Trenes

Tengo, hace siglos, el plan de una novela. Se llamará como esta crónica: “Trenes”. No sé si habrá muchas novelas que se titulen “Trenes”, tendré que explorar. Pero creo que de todas maneras la llamaré así. Porque en mi novela los trenes, sin ser protagonistas directos de la acción, están siempre allí, marcando el ritmo, contextualizando, moviendo la trama. A mí, obviamente, me gustan los trenes. Viví toda mi infancia a menos de cien metros de una línea férrea. El silbido de las locomotoras marcaba las horas. Recuerdo que mi mamá me servía el almuerzo de los fines de semana justo cuando se escuchaba el silbato del tren de las doce rumbo a Morón. Cuando era niño pasaban muchos trenes de pasajeros por Violeta. Mi hermano y yo nos escapábamos hasta la estación de Georgina (Violeta es el único pueblo de Ciego de Ávila que tiene dos estaciones de ferrocarril, pero esa historia la contaré otro día) y esperábamos pacientemente a que pasara el convoy. Primero escuchábamos el silbato en la lejanía; después vislumbrábamos la locomotora, la veíamos por fin, confundida con los celajes. Unos minutos más y el tren llegaba pitando. Entonces era nuestra fiesta. El andén se animaba. La gente subía o bajaba de los vagones. Después era el silencio. Hasta el próximo tren.

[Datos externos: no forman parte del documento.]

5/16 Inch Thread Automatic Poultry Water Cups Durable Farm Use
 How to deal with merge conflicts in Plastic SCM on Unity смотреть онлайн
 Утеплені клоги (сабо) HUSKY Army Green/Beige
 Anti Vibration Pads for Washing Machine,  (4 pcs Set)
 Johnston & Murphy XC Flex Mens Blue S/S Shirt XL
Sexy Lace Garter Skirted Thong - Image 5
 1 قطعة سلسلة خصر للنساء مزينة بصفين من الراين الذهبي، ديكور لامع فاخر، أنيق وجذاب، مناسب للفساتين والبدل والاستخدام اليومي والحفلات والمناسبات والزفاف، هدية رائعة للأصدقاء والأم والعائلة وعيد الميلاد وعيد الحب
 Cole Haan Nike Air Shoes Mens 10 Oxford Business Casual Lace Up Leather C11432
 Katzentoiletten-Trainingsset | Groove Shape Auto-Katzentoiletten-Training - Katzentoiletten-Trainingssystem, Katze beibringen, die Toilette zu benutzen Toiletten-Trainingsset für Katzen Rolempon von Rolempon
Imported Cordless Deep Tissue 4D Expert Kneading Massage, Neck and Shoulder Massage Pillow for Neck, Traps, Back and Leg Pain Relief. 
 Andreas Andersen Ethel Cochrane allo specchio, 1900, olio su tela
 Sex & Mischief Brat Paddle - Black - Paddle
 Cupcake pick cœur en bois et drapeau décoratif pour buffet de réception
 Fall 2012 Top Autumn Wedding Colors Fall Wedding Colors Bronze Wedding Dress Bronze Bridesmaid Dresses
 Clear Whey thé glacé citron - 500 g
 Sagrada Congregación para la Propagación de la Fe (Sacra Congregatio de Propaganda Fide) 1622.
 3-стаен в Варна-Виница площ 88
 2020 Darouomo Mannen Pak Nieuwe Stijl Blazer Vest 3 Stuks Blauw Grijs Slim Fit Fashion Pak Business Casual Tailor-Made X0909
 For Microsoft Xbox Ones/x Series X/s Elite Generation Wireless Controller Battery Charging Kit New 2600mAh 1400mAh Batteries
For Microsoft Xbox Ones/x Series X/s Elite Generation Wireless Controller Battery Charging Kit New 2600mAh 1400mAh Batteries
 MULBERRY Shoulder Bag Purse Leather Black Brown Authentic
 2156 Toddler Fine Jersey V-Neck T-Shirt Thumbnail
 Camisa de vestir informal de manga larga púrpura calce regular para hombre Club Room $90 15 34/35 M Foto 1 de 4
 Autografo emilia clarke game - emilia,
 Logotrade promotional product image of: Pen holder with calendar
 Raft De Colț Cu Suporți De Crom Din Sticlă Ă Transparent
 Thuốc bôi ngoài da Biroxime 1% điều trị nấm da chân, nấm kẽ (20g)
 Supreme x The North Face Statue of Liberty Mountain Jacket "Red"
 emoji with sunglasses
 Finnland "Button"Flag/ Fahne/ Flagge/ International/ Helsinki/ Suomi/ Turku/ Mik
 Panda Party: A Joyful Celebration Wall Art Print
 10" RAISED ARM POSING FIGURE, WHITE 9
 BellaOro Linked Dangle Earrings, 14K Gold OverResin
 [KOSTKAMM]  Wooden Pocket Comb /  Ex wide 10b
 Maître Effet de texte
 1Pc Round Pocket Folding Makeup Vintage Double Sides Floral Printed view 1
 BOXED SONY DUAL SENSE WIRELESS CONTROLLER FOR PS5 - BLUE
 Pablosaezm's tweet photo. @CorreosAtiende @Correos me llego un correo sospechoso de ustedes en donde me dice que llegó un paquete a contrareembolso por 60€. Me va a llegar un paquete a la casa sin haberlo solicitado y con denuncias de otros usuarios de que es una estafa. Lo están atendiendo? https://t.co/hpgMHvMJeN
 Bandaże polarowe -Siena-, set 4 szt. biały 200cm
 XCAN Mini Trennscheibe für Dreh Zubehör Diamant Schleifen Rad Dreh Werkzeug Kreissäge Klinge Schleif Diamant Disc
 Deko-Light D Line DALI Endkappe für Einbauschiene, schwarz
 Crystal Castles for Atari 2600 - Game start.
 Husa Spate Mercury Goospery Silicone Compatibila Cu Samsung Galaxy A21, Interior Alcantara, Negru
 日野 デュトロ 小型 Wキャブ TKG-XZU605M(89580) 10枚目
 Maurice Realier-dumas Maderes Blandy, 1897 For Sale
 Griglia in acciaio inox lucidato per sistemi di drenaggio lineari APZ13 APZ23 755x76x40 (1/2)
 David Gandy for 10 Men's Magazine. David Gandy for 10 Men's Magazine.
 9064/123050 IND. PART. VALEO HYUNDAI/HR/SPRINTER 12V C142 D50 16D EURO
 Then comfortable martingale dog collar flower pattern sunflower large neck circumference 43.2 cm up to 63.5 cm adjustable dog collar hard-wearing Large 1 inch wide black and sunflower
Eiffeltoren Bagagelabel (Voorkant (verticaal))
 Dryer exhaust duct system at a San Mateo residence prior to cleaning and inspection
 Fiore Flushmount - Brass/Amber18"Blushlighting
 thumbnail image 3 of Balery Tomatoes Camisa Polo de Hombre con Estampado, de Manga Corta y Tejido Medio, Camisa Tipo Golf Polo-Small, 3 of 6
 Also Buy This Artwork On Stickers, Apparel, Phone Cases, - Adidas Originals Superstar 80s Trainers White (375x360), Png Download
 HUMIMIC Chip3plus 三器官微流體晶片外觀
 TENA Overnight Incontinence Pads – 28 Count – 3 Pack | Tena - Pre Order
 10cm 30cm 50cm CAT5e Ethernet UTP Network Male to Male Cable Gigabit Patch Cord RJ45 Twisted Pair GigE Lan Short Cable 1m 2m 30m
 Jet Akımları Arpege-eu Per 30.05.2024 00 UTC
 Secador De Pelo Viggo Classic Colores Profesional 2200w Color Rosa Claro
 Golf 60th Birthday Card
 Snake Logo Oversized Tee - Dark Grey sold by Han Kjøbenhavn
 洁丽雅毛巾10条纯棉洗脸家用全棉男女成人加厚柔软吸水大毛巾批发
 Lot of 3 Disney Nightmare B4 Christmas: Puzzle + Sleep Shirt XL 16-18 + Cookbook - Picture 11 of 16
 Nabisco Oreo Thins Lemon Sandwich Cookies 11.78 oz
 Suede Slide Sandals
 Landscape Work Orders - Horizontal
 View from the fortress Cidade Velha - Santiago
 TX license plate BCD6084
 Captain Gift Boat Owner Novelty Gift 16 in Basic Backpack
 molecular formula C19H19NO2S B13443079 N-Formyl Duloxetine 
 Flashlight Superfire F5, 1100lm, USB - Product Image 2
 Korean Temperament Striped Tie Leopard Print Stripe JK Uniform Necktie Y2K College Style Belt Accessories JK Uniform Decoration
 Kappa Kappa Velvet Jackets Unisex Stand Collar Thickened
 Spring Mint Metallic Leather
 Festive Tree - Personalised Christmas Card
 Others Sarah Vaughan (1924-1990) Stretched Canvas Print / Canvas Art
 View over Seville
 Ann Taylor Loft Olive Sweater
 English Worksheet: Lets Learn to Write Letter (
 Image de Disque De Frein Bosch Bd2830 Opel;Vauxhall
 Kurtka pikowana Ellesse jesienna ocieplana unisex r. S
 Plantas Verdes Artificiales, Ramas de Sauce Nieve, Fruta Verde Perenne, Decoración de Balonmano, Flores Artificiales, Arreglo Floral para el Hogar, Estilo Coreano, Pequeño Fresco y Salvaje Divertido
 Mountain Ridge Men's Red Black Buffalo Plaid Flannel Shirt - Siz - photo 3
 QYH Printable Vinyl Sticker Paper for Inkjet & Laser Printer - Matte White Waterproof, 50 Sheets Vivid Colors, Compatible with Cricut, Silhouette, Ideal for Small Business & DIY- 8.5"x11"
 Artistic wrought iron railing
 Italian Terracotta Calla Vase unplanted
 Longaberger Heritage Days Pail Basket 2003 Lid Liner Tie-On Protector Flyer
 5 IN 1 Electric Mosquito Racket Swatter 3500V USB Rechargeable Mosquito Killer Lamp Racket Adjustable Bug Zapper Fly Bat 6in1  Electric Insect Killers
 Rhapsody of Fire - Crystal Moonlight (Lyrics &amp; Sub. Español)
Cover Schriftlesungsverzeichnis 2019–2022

Ahora por Violeta pasan solo tres trenes. A las cuatro y media de la madrugada, uno para Morón. A las nueve y media de la noche, otro para Esmeralda. Y el tercero, un día para Santa Clara y otro día para Nuevitas, en una alternancia que los lugareños usan como referencia: “eso fue antier, que fue el día en que el tren corrió para Santa Clara”. Los trenes ya no son tan hermosos. Bueno, francamente, los tresnes de ahora son muy feos. Cuando era niño, muchas locomotoras eran rumanas, pintadas de anaranjado. Los coches eran grandes y espaciosos, con asientos cómodos y ventanillas limpias. Los conductores estaban impolutamente uniformados y los boletines tenían impresos los nombres de todas las estaciones de la línea. Hoy es la decadencia. Casi todos los vagones son carros de mercancías adaptados, incómodos y sucios. El personal de servicio luce descuidado; los boletines son un simple papelito; no hay luces, no hay portaequipajes, no hay baños a bordo. De antaño solo quedan las locomotoras, que ya no son las rumanas (las rumanas salieron malas) sino las americanas de los años cincuenta, que está visto que fueron construidas para toda la vida. Los trenes ya no son los de antaño, de acuerdo, pero por lo menos siguen pasando por Violeta.

Una vez, solo una vez, me subí en una locomotora. Había ido con mi papá a la cooperativa donde él trabajaba como contador, a unos quince kilómetros de Violeta. Yo tendría, a lo sumo, diez años. Y soñaba ser maquinista. A la hora del regreso, mi papá me dijo: hoy te tengo una sorpresa: nos iremos en tren. Y enseguida apareció el gran tren cañero, la locomotora enorme (rusa, todavía a estas alturas siguen rodando de los campos al central)… Me quedé atontado. ¡Sube! —me animó el maquinista. No me lo podía creer. Ya en la cabina, mi papá le dijo al hombre, que evidentemente era su amigo de toda la vida: hazme el favor y enséñale al niño qué es lo que hace un maquinista, porque ahora le ha dado por querer trabajar en los trenes cuando sea grande. El hombre sonrió: mejor dedícate a otra cosa. Pero me mostró el funcionamiento de la máquina, para qué servían todas las palancas y botones. Recuerdo mi extrañeza ante la simplicidad del equipamiento, yo creía que las locomotoras eran un amasijo de cables y conexiones. Pero aquella cabina era francamente minimalista. Por último, me dejó hacer sonar el silbato. Ahora lo valoro: ese ha sido uno de los días más felices de mi vida. Llegué a mi casa completamente enamorado de los trenes. El amor todavía dura.